MONTEVERDI: Vespro della Beata Vergina (1610) – Soloists/ La Petite Bande/ Sigiswald Kuijken – Challenge multichannel SACD CC72311, 86:05 (2 discs) **** [Distr. by Allegro]:
Claudio Monteverdi (1567-1643) is one of music history’s true universal geniuses. Like Mozart, to whom he can be compared, he had an equal facility with small scale chamber music sized pieces and large scale operas and other vocal works. Although Monteverdi was rarely a composer of music we would consider strictly instrumental, his skillful use of instrumentation when orchestrating his vocal works always reveals consummate skill. He often exhibited such profound musical insight that it resulted in revolutionary advances in their combination.
Each of Monteverdi’s works is completely developed in both a musical and a dramatic sense. His use of instrumental texture is utterly new and without precedent in its ability to convey the essence of the dramatic text and the emotions of the drama’s protagonists. In fact, Monteverdi is credited with being the first composer to utilize both tremolo (rapidly repeating the same musical tone) and pizzicato (plucking a string with one’s fingers) in a musical work. All of these advanced musical traits are why he is considered the great transitional figure bridging the Renaissance and the Baroque eras.
The spectacular achievement that was Renaissance polyphony and the brand new Baroque innovation that was the technique known as Basso Continuo both flow through Monteverdi. Also known as figured bass or thoroughbass, Basso Continuo was musical shorthand that provided the musician with the harmonic structure of the music upon which he could improvise. Monteverdi is the embodiment of a profound musical synthesis between different eras. Such an event is rarely found in history: only Bach and Beethoven were comparable amalgamative agents.
The Vespro della Beata Vergina was first published in Venice in July 1610, although the precise intentions of the work are still unknown. The 1610 Vespers is the epitome of Monteverdi’s musical synthesis. It contains examples of traditional Gregorian plainchant upon which each movement of the work is built. This provides a formal unity to the piece. It also contains a number of larger scale psalms and smaller scale motets, as well as a sonata and a concluding Magnificat.
The 10 vocalists specified by the composer can indeed constitute a choir but Sigiswald Kuijken, the conductor of this recording, adopts Joshua Rifkin’s famous thesis of one voice per part. Andrew Parrott in his recording of the Vespers (which this recording resembles) utilized the same scheme. It certainly provides a lithe motility to the performance but it also removes those contrasting dynamic elements that serve to increase the drama of the work. Also lost is a sense of forward motion as we inhabit an antique musical sound world that often embraces stasis. The singers on this recording are all fine in their solo performances, providing a restrained emotional fervor that resonates with the listener who allows this music to slowly reveal itself.

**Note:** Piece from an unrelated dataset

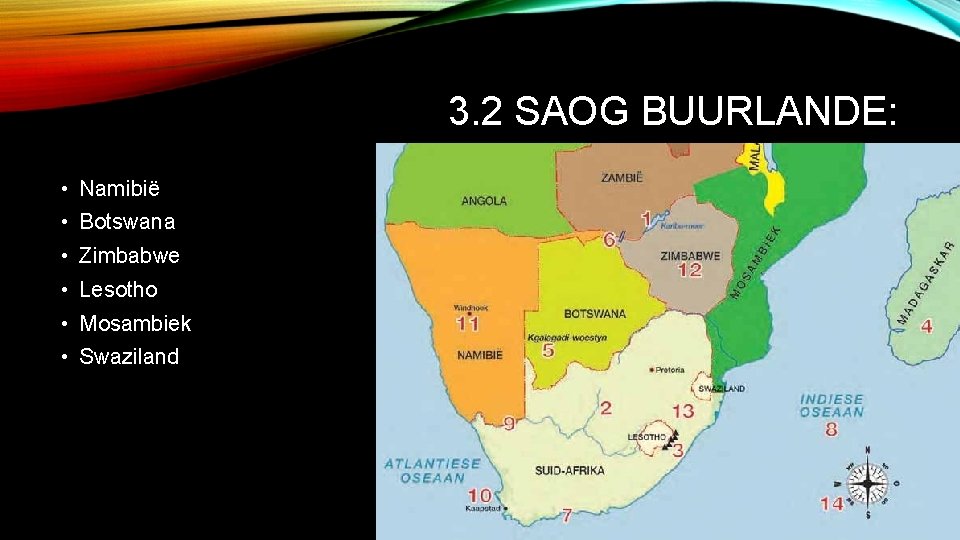 3. 2 SAOG BUURLANDE: • Namibië • Botswana • Zimbabwe • Lesotho • Mosambiek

The instrumental accompaniment is deftly played by the superb authentic instruments orchestra La Petite Bande. But here too Kuijken interprets Monteverdi’s instructions as limiting the choices available in the instrumentation of the Vespers. Some of the wonderful reconstructions of 17th Century instruments that were made for the orchestra are therefore seldom used. Kuijkin also refrains from conducting the piece in the usual sense, confining his activities to preparation and stimulation as a first amongst equals in a musical collective. The orchestra is fine enough to play without a leader, of course, but the intensity of a tightly controlled performance is slightly diluted. Nevertheless, the excellence of the musicians overcomes any difficulties in conception, producing a fine performance.

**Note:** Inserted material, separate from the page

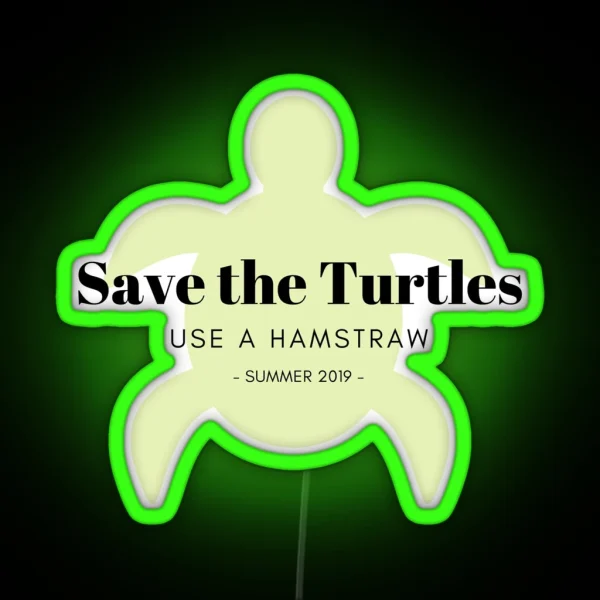 Save The Turtles Use A Hamstraw Summer Camp RGB Neon Sign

This recording features excellent SACD multichannel sound that helps to create the illusion of an ancient church setting. Necessarily reverberant, there is a slight loss of spatial localization. This is mitigated by the music’s relatively light texture so the proceedings never become muddy. In a relatively crowded field this is a fine recording that holds up well against the other multichannel versions of the Vespers.